Australian National University, Australia
For pioneering contributions to the field of electromagnetic metamaterials including nonlinear phenomena and light localization in composite structures.
Ilya Shadrivov

Ilya Shadrivov was introduced to the society at a critical time in his career. He started his PhD studies in Russia, his home country, and was wondering what opportunities would be available. He learned of a program for students from developing countries that allowed them to travel to the United States to attend conferences. Through this program, he was able to attend the Nonlinear Guided Waves and Their Applications Conference (today called Nonlinear Photonics) in Florida. There, he met Yuri Kivshar, who offered him a PhD position after talking near his poster. Seizing this new opportunity, Ilya moved to Australia, where he has stayed ever since. Today, he still loves traveling to conferences, and his favorite part is getting to meet high-achieving and influential scientists, commenting, "It's amazing how, being in science, you actually [get to] meet Nobel Prize winners."

Ilya's mentor, Yuri, has played a considerable role in his success, sharing, "he supported me and still supports me in pretty much all aspects of my career." For Ilya, choosing a great mentor is more important than the research field because a mentor can "support you in research, can help finding a job later on…and nominate you for awards and things like that. A good supervisor leads you and shows you the ways to do research, and [they] motivate you." He believes that a mentor should, first and foremost, be a source of motivation and support for students and young researchers. It is more than simply teaching and being a great scientist but guiding and coaching students through their development.

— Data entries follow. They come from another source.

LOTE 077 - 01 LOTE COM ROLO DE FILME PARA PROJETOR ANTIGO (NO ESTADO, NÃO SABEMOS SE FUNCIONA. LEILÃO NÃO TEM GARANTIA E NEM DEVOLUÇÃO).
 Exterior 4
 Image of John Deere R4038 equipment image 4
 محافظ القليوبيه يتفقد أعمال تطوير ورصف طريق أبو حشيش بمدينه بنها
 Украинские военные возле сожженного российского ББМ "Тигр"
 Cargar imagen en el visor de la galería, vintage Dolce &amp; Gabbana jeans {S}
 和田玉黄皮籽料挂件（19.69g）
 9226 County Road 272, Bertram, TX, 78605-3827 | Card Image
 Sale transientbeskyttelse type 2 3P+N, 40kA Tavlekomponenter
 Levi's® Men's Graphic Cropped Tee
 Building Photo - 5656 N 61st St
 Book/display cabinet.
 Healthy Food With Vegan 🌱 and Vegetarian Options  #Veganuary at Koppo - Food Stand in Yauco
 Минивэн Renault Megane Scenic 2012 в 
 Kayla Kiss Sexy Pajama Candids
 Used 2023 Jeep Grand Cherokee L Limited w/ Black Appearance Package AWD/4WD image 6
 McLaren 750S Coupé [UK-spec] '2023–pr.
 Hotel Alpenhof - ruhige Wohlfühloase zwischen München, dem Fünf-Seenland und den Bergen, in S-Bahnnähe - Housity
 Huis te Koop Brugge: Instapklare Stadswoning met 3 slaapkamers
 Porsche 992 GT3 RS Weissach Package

He started his career in radiophysics but now works more broadly with metamaterials and metasurfaces. Describing the field, Ilya says, "there's a lot of challenges, and that's why it's also exciting because you can solve those problems that no one thought about before." Recently, the Australian Research Council awarded a project that Ilya is a part of, Transformative Meta-Optical Systems, a major "research discovery-type funding" grant. The project combines researchers from five universities and their efforts to "make big progress in optical and infrared metasurface design." He shares that there are a wealth of opportunities to improve technology using metamaterials, and these opportunities keep him motivated.

There are many challenges in this field, but Ilya is no stranger to hard work. Early on in his undergraduate career, he remembers a university dean saying, "There's no point in studying just to pass. You came to study: do it hard and do it well." This might seem harsh, but it inspired Ilya to focus and learn as much as he could during those years. He chose physics because it was regarded as the most challenging subject. Looking back now, he is happy he followed through, saying, "it helps me because, as a researcher, I can get focused on a narrow topic, but I still have a solid background that supports me." Today, he shares this advice with young scientists and adds, "another key aspect is that you have to enjoy it [so that] you are happy in your physics career."